--- Work instruction ---
The following entries are to be repeated exactly, and the pictures are to be left behind.

--- Source records Enclosed Below ---

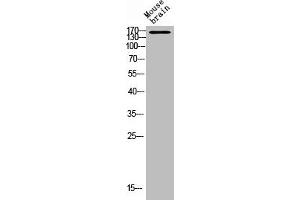 Western Blot analysis of MOUSE-BRAIN cells using DAPK1 Polyclonal Antibody (DAP Kinase 1 antibody)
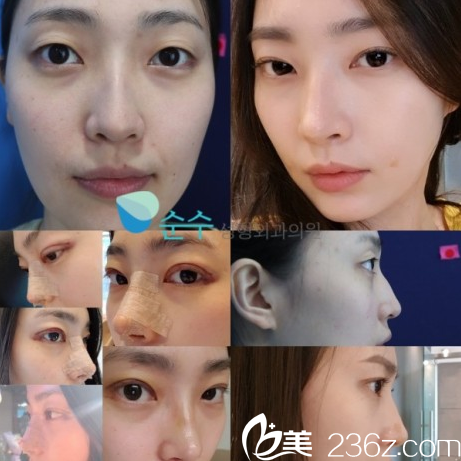 崔宰源院長雙眼皮隆鼻效果好嗎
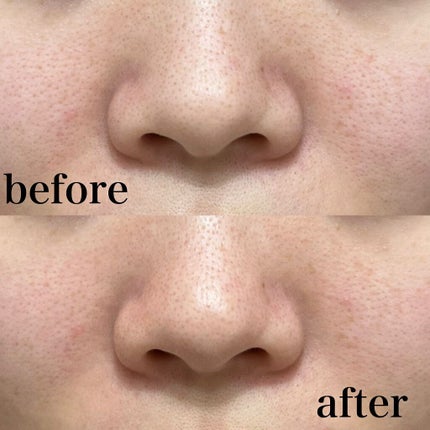 モデリングマスクパック/DAISO/シートマスク・パックを使ったクチコミ(5枚目)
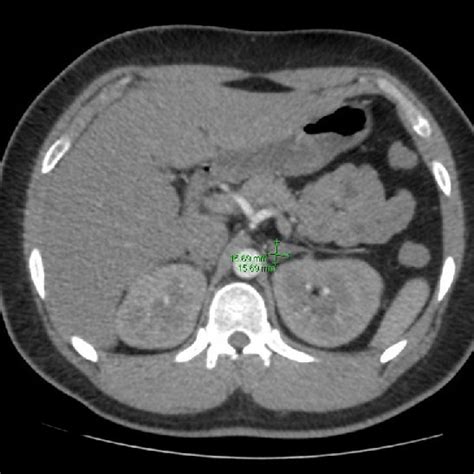 Ct Scan Of Abdomen Showing Hyperplastic Lateral Limb Of The Left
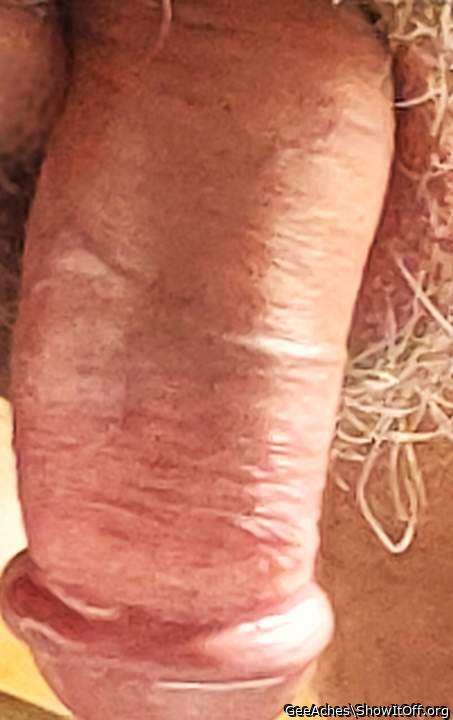 Photo of a penile from GeeAches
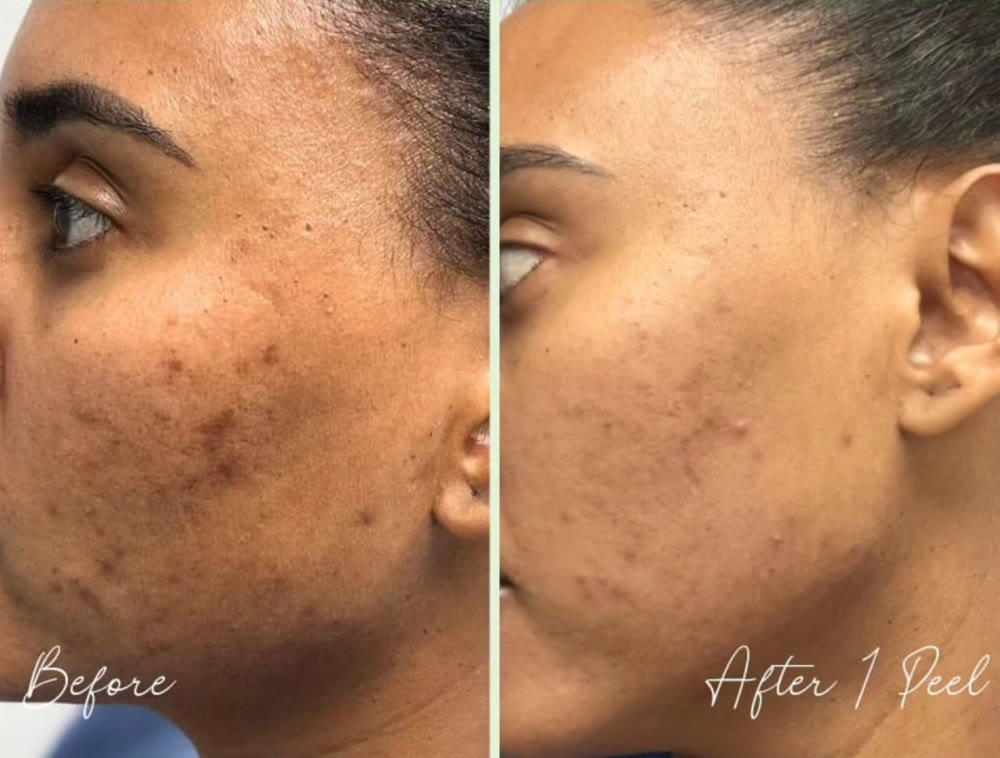 A client's cheek with dark spots before, and clearer, more even skin after one Coral Peel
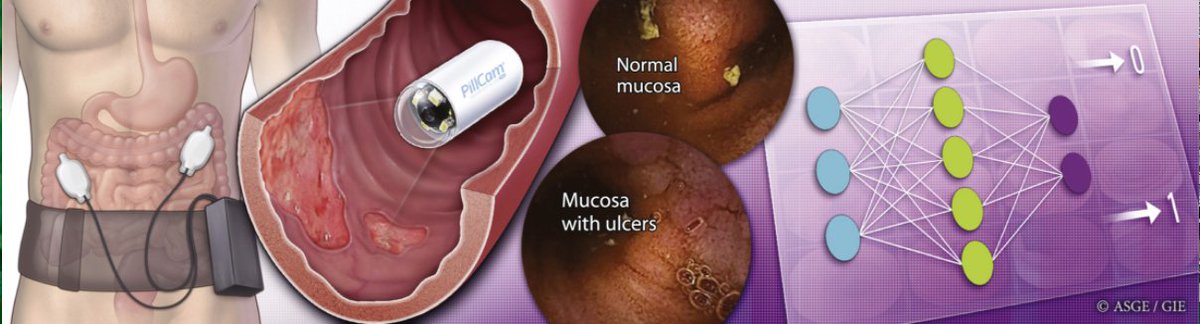 capsulendoscopy's tweet photo. Deep learning algorithms for automated detection of #Crohn’s disease ulcers by @capsulendoscopy . https://t.co/B7PvexTppB https://t.co/oH8vWGwIAp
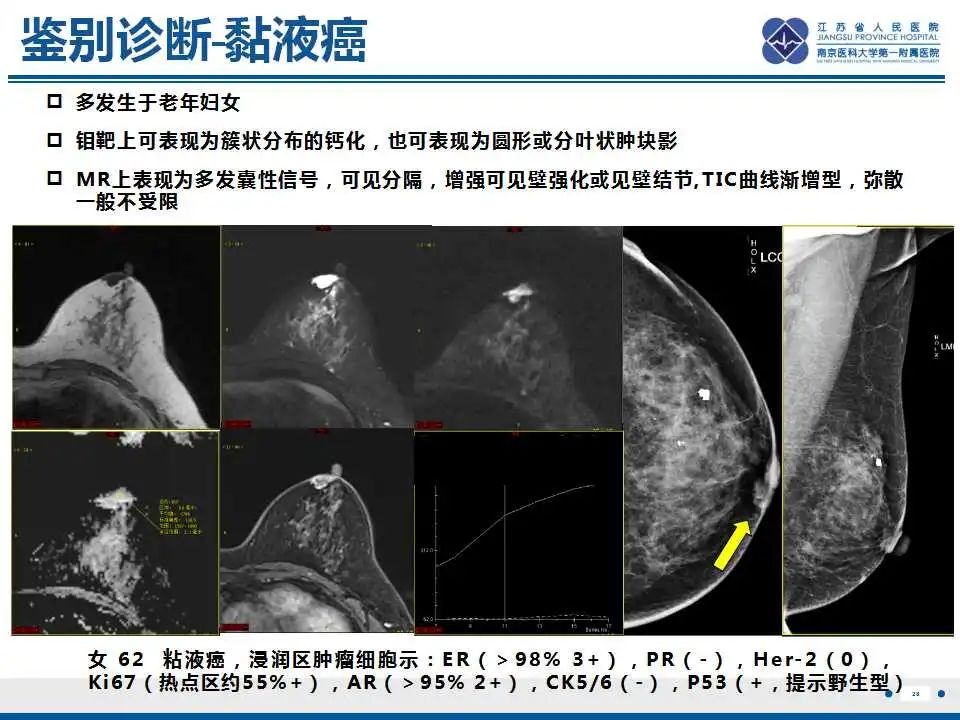 影像PPT - 【PPT】乳腺包裹性乳头状癌-29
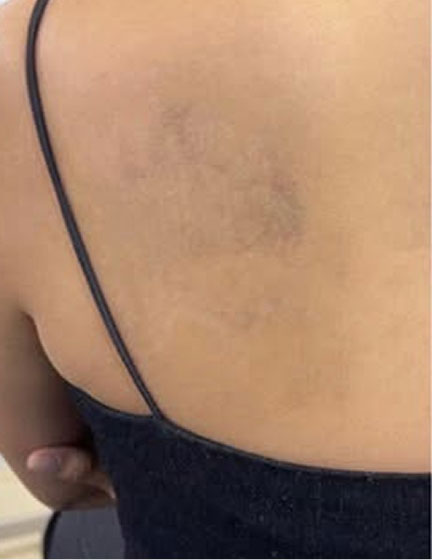 Trước sau cắt cánh mũi 2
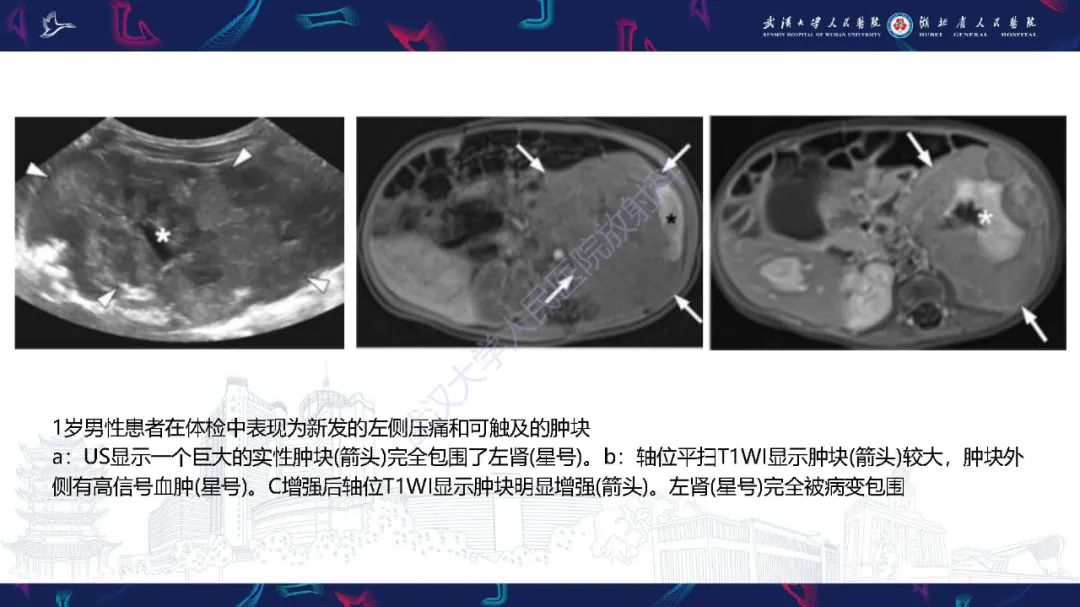 影像PPT - 【PPT】肾上腺出血影像诊断-29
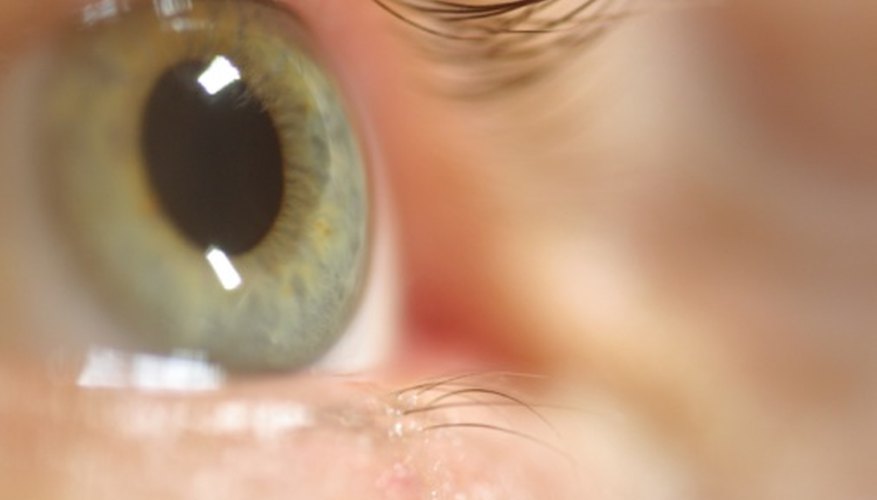 Photo Credit: Photos.com/Photos.com/Getty Images Polymers are the biomaterials used in contact lenses.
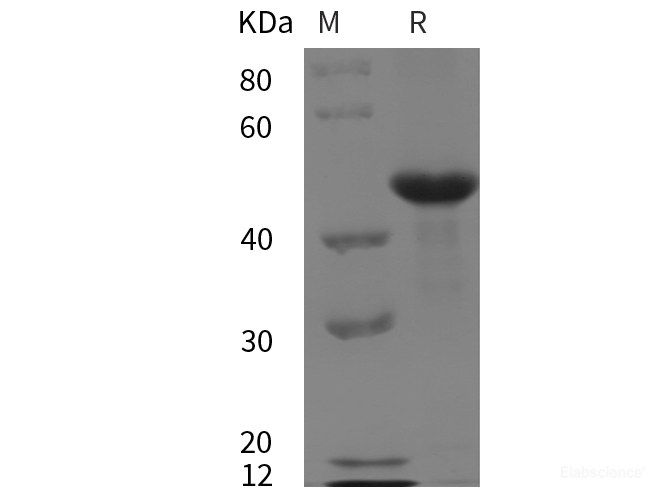 Recombinant Mouse MMP-9 protein (His tag)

--- End of Enclosed Source records ---

--- Answer space ---
 Western Blot analysis of MOUSE-BRAIN cells using DAPK1 Polyclonal Antibody (DAP Kinase 1 antibody)
 崔宰源院長雙眼皮隆鼻效果好嗎
 モデリングマスクパック/DAISO/シートマスク・パックを使ったクチコミ(5枚目)
 Ct Scan Of Abdomen Showing Hyperplastic Lateral Limb Of The Left
 Photo of a penile from GeeAches
 A client's cheek with dark spots before, and clearer, more even skin after one Coral Peel
 capsulendoscopy's tweet photo. Deep learning algorithms for automated detection of #Crohn’s disease ulcers by @capsulendoscopy . https://t.co/B7PvexTppB https://t.co/oH8vWGwIAp
 影像PPT - 【PPT】乳腺包裹性乳头状癌-29
 Trước sau cắt cánh mũi 2
 影像PPT - 【PPT】肾上腺出血影像诊断-29
 Photo Credit: Photos.com/Photos.com/Getty Images Polymers are the biomaterials used in contact lenses.
 Recombinant Mouse MMP-9 protein (His tag)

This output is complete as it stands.